### AVAILABLE RECORDS

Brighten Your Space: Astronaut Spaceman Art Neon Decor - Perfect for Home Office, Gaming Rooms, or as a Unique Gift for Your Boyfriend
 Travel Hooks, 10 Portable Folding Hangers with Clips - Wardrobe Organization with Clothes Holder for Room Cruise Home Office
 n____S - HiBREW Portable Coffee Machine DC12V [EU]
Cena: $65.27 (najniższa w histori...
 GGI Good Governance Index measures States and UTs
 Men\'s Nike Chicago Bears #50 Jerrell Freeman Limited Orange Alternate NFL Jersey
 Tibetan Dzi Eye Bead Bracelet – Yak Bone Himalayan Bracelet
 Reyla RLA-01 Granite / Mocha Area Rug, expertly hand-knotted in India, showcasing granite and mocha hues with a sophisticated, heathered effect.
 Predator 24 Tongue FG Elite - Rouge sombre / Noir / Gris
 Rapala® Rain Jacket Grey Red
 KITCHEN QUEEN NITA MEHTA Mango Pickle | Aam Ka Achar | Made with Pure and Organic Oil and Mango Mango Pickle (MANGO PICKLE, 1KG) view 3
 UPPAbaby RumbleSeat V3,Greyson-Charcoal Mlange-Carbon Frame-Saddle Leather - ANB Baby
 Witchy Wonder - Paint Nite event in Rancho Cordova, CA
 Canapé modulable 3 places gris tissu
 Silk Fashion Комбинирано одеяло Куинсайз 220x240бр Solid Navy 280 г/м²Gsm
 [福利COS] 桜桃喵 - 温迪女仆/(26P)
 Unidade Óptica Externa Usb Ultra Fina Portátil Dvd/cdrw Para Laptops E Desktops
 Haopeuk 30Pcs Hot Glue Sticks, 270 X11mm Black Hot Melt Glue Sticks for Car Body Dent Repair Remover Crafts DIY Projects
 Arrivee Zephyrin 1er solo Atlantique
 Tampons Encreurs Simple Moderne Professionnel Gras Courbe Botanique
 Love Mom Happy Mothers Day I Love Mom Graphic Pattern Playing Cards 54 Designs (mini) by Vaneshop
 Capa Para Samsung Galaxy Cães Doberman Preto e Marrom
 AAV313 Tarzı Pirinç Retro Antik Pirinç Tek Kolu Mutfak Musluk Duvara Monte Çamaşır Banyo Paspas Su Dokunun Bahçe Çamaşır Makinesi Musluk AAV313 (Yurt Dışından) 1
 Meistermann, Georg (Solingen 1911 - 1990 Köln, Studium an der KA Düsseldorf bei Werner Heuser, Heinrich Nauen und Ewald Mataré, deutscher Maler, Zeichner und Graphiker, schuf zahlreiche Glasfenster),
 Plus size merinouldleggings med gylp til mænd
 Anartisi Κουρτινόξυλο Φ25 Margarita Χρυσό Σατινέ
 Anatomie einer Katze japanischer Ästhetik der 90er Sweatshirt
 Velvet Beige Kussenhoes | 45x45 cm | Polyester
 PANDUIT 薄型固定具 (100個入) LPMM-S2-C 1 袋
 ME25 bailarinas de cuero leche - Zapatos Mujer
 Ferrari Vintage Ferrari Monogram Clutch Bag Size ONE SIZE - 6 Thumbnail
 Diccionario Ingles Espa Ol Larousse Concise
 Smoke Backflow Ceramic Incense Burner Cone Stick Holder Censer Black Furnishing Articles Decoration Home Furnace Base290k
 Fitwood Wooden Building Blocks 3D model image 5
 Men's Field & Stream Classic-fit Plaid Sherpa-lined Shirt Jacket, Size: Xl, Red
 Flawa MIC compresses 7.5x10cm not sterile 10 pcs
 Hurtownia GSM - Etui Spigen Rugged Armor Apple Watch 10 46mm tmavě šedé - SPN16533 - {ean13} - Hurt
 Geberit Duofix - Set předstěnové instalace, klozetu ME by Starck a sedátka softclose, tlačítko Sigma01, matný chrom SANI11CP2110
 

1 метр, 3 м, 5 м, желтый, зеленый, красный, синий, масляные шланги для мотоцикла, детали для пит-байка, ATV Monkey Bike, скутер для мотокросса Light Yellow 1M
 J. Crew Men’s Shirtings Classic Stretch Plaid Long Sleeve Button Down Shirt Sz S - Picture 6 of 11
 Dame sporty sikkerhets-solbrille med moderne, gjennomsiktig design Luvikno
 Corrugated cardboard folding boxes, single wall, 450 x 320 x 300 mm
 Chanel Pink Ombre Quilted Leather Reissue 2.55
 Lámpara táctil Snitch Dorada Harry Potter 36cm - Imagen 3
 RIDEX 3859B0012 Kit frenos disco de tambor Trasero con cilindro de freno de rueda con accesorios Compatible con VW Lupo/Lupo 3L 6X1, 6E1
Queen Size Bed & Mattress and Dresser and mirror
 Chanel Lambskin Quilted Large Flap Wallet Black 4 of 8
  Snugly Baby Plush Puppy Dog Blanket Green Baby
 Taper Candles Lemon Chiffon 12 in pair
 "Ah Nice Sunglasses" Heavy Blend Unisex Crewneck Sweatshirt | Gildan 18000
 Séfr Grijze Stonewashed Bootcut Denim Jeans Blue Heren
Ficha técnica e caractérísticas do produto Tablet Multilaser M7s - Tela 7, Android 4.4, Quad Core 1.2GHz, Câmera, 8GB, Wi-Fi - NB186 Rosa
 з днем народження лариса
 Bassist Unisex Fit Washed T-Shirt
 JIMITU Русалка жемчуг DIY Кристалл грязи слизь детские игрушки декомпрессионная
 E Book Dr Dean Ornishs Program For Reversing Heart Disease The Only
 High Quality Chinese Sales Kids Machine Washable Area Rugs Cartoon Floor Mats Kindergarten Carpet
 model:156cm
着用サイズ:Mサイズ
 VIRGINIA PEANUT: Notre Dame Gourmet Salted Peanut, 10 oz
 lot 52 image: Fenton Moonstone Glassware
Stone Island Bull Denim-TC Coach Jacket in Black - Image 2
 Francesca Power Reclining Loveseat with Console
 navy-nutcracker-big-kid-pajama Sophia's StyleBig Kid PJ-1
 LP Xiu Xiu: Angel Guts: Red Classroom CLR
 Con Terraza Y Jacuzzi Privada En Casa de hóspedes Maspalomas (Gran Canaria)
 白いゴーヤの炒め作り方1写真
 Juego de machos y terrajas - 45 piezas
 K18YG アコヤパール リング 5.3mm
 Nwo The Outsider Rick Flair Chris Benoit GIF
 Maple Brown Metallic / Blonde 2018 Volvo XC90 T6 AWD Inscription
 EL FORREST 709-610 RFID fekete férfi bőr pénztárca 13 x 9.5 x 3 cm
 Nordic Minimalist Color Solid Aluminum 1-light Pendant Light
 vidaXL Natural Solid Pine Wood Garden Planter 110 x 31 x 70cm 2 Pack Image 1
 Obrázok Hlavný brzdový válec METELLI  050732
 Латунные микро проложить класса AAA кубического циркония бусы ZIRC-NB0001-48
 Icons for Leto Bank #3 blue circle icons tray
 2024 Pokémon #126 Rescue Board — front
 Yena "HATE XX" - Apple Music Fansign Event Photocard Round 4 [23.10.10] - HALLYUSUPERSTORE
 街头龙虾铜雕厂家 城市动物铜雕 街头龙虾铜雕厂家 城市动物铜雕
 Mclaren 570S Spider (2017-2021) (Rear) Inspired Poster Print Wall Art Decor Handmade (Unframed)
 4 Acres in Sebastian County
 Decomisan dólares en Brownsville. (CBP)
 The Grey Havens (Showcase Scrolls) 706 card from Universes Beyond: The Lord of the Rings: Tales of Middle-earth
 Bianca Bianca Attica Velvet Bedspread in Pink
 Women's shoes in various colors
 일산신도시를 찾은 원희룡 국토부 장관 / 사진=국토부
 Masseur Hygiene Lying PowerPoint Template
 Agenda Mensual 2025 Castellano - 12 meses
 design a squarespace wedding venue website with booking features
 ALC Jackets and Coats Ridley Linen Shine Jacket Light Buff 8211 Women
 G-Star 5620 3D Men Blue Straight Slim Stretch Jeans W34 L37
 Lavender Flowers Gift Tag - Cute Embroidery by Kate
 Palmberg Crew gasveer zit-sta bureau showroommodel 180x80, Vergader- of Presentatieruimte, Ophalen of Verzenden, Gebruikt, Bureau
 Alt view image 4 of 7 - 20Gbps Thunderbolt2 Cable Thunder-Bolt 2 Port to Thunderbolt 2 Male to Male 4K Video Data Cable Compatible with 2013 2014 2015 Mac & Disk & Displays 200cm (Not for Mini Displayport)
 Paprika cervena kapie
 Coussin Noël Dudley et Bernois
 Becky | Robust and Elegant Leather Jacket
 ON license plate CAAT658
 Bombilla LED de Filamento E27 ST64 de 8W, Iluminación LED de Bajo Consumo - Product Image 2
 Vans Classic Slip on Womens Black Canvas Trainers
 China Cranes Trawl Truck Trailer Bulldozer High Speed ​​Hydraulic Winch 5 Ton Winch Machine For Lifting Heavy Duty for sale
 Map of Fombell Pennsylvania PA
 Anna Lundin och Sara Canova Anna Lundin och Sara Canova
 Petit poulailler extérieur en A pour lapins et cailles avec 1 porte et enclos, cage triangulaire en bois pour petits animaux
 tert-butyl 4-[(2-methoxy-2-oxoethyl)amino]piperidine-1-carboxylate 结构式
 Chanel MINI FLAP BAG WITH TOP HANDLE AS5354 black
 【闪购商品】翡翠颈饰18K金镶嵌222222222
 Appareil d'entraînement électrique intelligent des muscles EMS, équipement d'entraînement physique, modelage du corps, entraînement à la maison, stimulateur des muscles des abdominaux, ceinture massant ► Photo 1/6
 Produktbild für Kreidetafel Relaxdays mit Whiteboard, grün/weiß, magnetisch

######

**TASK BRIEF**
The stretch of entries above that starts with the line containing "Латунные микро проложить" and goes on through the line containing "Anna Lundin och Sara Canova Anna" is to be transcribed exactly, and no other line is to be transcribed.

**EXERCISE SOLUTION**
 Латунные микро проложить класса AAA кубического циркония бусы ZIRC-NB0001-48
 Icons for Leto Bank #3 blue circle icons tray
 2024 Pokémon #126 Rescue Board — front
 Yena "HATE XX" - Apple Music Fansign Event Photocard Round 4 [23.10.10] - HALLYUSUPERSTORE
 街头龙虾铜雕厂家 城市动物铜雕 街头龙虾铜雕厂家 城市动物铜雕
 Mclaren 570S Spider (2017-2021) (Rear) Inspired Poster Print Wall Art Decor Handmade (Unframed)
 4 Acres in Sebastian County
 Decomisan dólares en Brownsville. (CBP)
 The Grey Havens (Showcase Scrolls) 706 card from Universes Beyond: The Lord of the Rings: Tales of Middle-earth
 Bianca Bianca Attica Velvet Bedspread in Pink
 Women's shoes in various colors
 일산신도시를 찾은 원희룡 국토부 장관 / 사진=국토부
 Masseur Hygiene Lying PowerPoint Template
 Agenda Mensual 2025 Castellano - 12 meses
 design a squarespace wedding venue website with booking features
 ALC Jackets and Coats Ridley Linen Shine Jacket Light Buff 8211 Women
 G-Star 5620 3D Men Blue Straight Slim Stretch Jeans W34 L37
 Lavender Flowers Gift Tag - Cute Embroidery by Kate
 Palmberg Crew gasveer zit-sta bureau showroommodel 180x80, Vergader- of Presentatieruimte, Ophalen of Verzenden, Gebruikt, Bureau
 Alt view image 4 of 7 - 20Gbps Thunderbolt2 Cable Thunder-Bolt 2 Port to Thunderbolt 2 Male to Male 4K Video Data Cable Compatible with 2013 2014 2015 Mac & Disk & Displays 200cm (Not for Mini Displayport)
 Paprika cervena kapie
 Coussin Noël Dudley et Bernois
 Becky | Robust and Elegant Leather Jacket
 ON license plate CAAT658
 Bombilla LED de Filamento E27 ST64 de 8W, Iluminación LED de Bajo Consumo - Product Image 2
 Vans Classic Slip on Womens Black Canvas Trainers
 China Cranes Trawl Truck Trailer Bulldozer High Speed ​​Hydraulic Winch 5 Ton Winch Machine For Lifting Heavy Duty for sale
 Map of Fombell Pennsylvania PA
 Anna Lundin och Sara Canova Anna Lundin och Sara Canova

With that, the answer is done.